After a summer of lonely suffering, he would have had a right to believe he was due for a break. If only it were that simple.

He signed for Forest Green Rovers at the beginning of September and found the ambitious Gloucestershire club inexorably in free fall.

When manager David Horseman was replaced by Troy Deeney earlier in the year, things got even worse.

Unable to arrest the decline during a chaotic 29-day tenure, the former Watford striker publicly lambasted his players, with Dabo at the center of his ire after a defeat at Harrogate Town.

“I told him in front of everyone that six months ago you really wanted to get to the Premier League. Now you won’t even be able to play in the National League,” Deeney said to the astonishment of the assembled media.

Dabo insists he was confident going up to take the penalty and will not let his miss define him.

Dabo insists he was confident going up to take the penalty and will not let his miss define him.

Deeney’s behavior was disgraceful, but there is always the danger of mud sticking.

In fact, Forest Green were relegated to the National League under Steve Cotterill and Dabo, despite appearing 35 times, was again released and left to contemplate his future.

But the former England youth international’s remarkable story is not over yet.

Unveiled as Raith Rovers’ latest signing earlier this week on a contract until January, the player arrives in Fife hoping that a change of surroundings could bring a change of fortunes. Certainly something belongs to him.

And while he can’t change the recent past, the Scottish Championship could prove to be where he carves out a brighter future under Neill Collins.

“I’m delighted to be here and looking forward to getting back to playing and enjoying football,” he said ahead of this weekend’s game against Falkirk.

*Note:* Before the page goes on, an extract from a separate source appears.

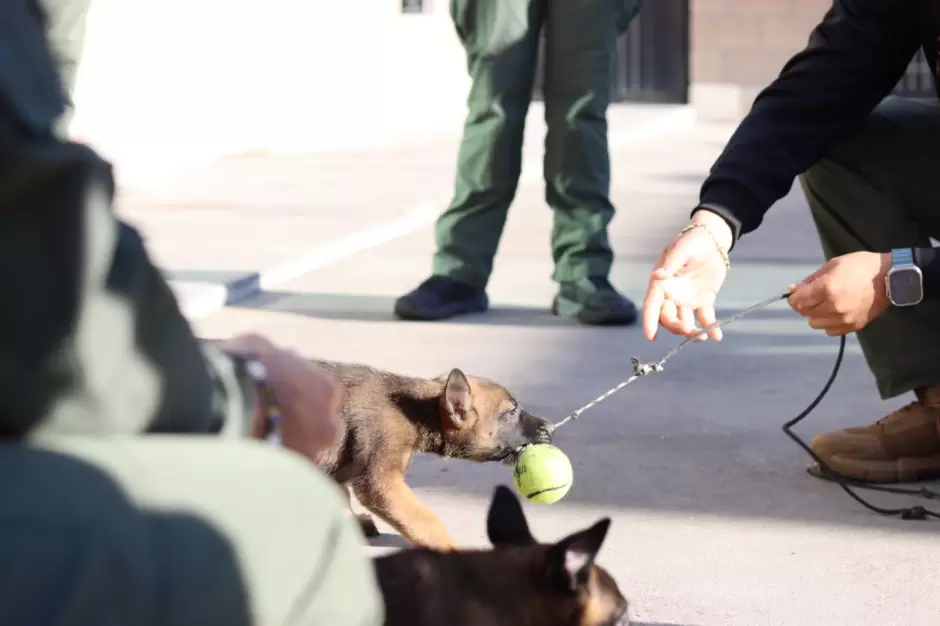 SSCBC recibe donaci�n de Grupo Arza de dos cachorros para la unidad K9 de FESC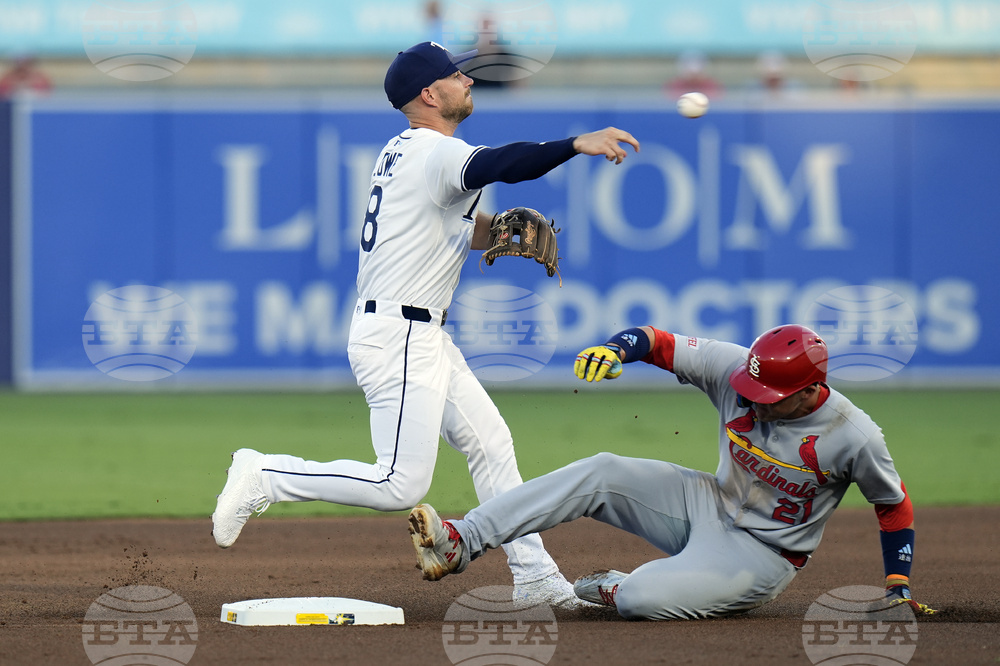 Cardinals Rays Baseball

Dabo could make his debut for Rovers this weekend at home to Championship high-flyers Falkirk.

Dabo could make his Rovers debut this weekend at home to Championship giants Falkirk.

“My agent told me that there are better players who have missed bigger penalties than me. John Terry missed one in a Champions League final and his career was still amazing. He wasn’t defined by that missed penalty.

So, it’s just another piece of my own puzzle; or another piece of my armor. I don’t feel that a poor quality penalty defines me.

“I hope I can stay fit and it’s a new chapter and story to tell.”